A short column by Adam Reilly about the so-called "Love Won Out," "ex-gay" conference appeared in this week's Boston Phoenix. And Reilly correctly ridiculed the conference’s infantile understanding of gender and sexuality.
I do have a slight disagreement with the tone of Reilly’s last paragraph, though. He writes, “Take a deep breath everybody. If that’s the best Love Won Out can do, Massachusetts has nothing to worry about.” I get the impression that he’s suggesting “ex-gay” groups are so clearly nutty that no one will take them seriously. Actually, these anti-gay bigots will give us "something to worry about" if everyone treats them like harmless kooks and quacks.

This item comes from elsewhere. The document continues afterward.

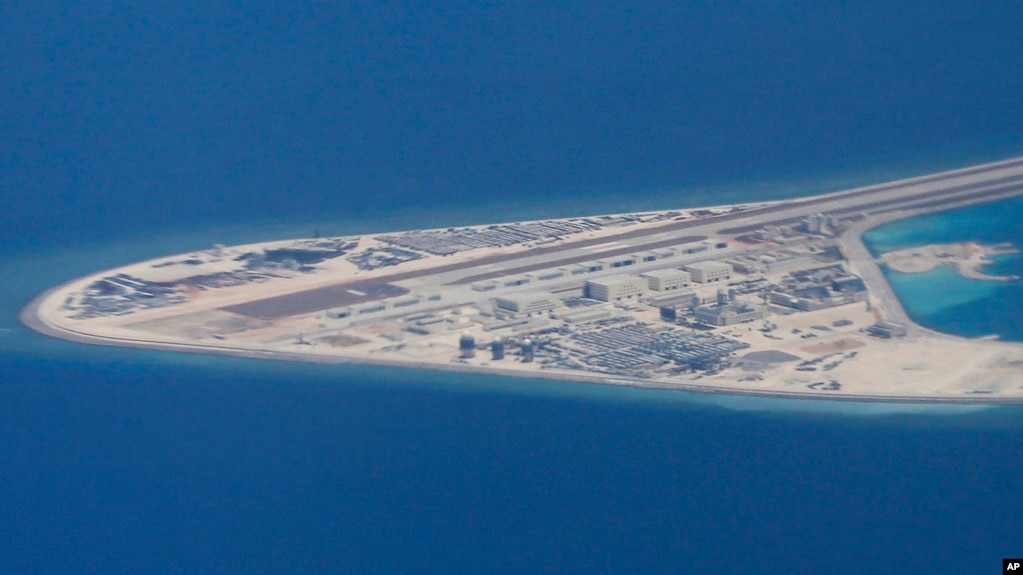 菲律宾空军一架运输机在南中国海南沙群岛的中国造的人造岛礁渚碧礁上空飞越时拍摄的照片,显示人造岛礁上的简易机场和建筑物。(2017年4月21日)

“Ex-gay” groups have been getting a lot of unwarranted media attention and many of the claims they have made on the air have gone unchallenged. Several times, spokespeople for these groups pulled statistics out of thin air. For example, a few representatives of “Love in Action” claimed on CNN that “hundreds of thousands” of people are “ex-gay.” That it took Robert Spitzer, who did a very controversial study of “ex-gays,” sixteen months to find just two hundred people who claimed “change” shows how absurd and unscientific this claim of “hundreds of thousands” is. But don’t expect the mainstream media, which doesn't have a good track record when it comes to critically assessing right-wing claims (e.g. WMDs in Iraq), to point that out.
Furthermore, these “ex-gay” groups are targeting public schools to use as soapboxes for their anti-gay propaganda. See here and here, for instance. Because queer youth have such a difficult time with harassment and intimidation in secondary schools, for “ex-gay” groups to be stoking the fires of homophobia in public schools is beyond disgusting. These groups are becoming more and more confident and they will only stop when they are stopped. We must work to expose their lies and, especially, their right-wing political connections.
If you are looking at gay rights issues from a lobbyist, legislative perspective you may not see the importance of taking action against homophobes. If you are looking at it from an activist perspective, and as someone who wants to change the social and political climate in this country, the importance of standing up to “ex-gay” bigots is a little clearer.